Download or read book Proceedings of the Tenth Seminar of the IATS 2003 Volume 12 Buddhism Beyond the Monastery written by and published by BRILL. This book was released on 2009-09-30 with total page 208 pages. Available in PDF, EPUB and Kindle. Book excerpt: Monasteries have been the locus classicus of the academic investigation of Tibetan religions.

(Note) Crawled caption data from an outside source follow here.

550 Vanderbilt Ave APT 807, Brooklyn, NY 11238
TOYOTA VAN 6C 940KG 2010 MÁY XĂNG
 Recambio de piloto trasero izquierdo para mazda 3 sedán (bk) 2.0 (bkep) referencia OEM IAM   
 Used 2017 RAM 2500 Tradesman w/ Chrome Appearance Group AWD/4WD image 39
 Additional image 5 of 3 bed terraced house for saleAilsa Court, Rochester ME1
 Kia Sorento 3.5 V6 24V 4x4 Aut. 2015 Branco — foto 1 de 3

This volume seeks to balance this emphasis with an exploration of the diverse religious specialists who operate outside of the monastery in Tibet and along the Himalayan belt. The articles collected here depict Tantric professionals, visionaries, village lamas, spirit mediums, and female religious leaders whose loyalties reside in the noncelibate sphere but whose activities have had a significant impact on Tibetan religion. Using methodologies drawn from anthropological and textual scholarship, these seven essays bolster our understanding of religious practices and their performers beyond the monasteries of Central and Eastern Tibet, Bhutan, and India from historical times to the present day.

Book Proceedings of the Tenth Seminar of the IATS  2003  Volume 4  Tibetan Buddhist Literature and Praxis

Download or read book Proceedings of the Tenth Seminar of the IATS 2003 Volume 4 Tibetan Buddhist Literature and Praxis written by and published by BRILL. This book was released on 2006-09-01 with total page 272 pages. Available in PDF, EPUB and Kindle. Book excerpt: The papers provide access for the first time to Tibetan documents and practices from the period of the tenth to fifteenth century.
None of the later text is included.